### TASK BRIEF
Print every line exactly as it appears in the material below.

### SUPPLIED MATERIAL
--- START ---
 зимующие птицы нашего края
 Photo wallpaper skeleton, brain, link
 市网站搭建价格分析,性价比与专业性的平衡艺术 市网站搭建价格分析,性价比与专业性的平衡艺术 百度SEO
--- END ---
### ANSWER SPACE
 зимующие птицы нашего края
 Photo wallpaper skeleton, brain, link
 市网站搭建价格分析,性价比与专业性的平衡艺术 市网站搭建价格分析,性价比与专业性的平衡艺术 百度SEO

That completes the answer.